▶ EXERCISE DATA:
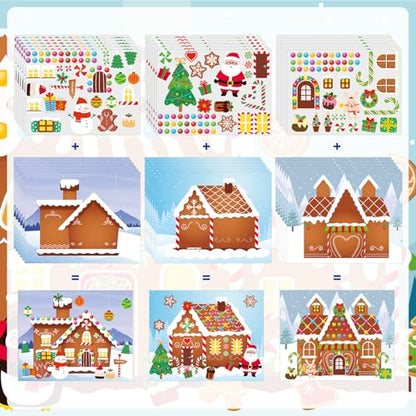 Frienda 96 PCS Christmas Gingerbread House Stickers Kit Winter Make a Gingerbread House Stickers Bulk 48 Set DIY Arts Crafts for Xmas Decoration Christmas Party Favors Home Game Activities - style: Gingerbread House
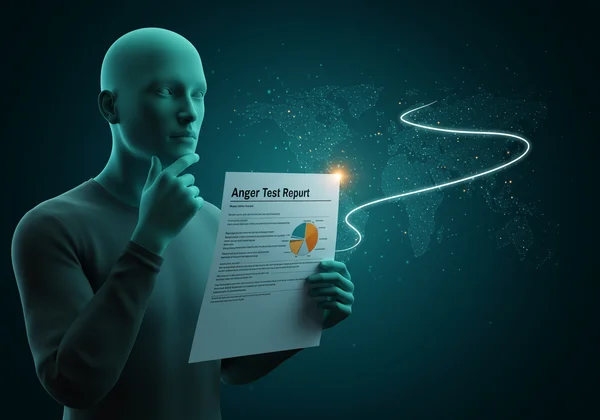 Seseorang sedang merenungkan keputusan ujian kemarahan, seperti peta emosi.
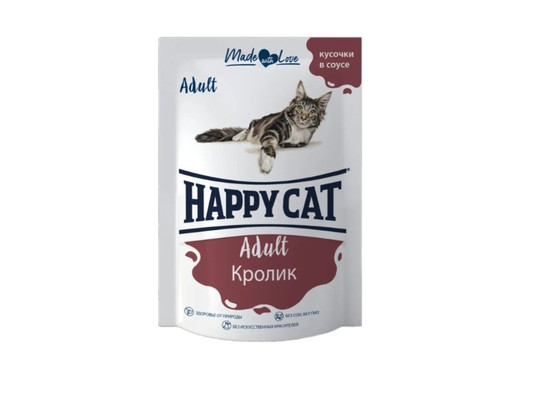 HAPPY CAT для взрослых кошек , 0.085кг, пауч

▶ WHAT NEEDS TO BE DONE:
Print exactly the span of lines that begins with the line containing "Seseorang sedang merenungkan" and ends with the last line of the listing, with no pictures.

▶ RESPONSE TO THE TASK:
 Seseorang sedang merenungkan keputusan ujian kemarahan, seperti peta emosi.
 HAPPY CAT для взрослых кошек , 0.085кг, пауч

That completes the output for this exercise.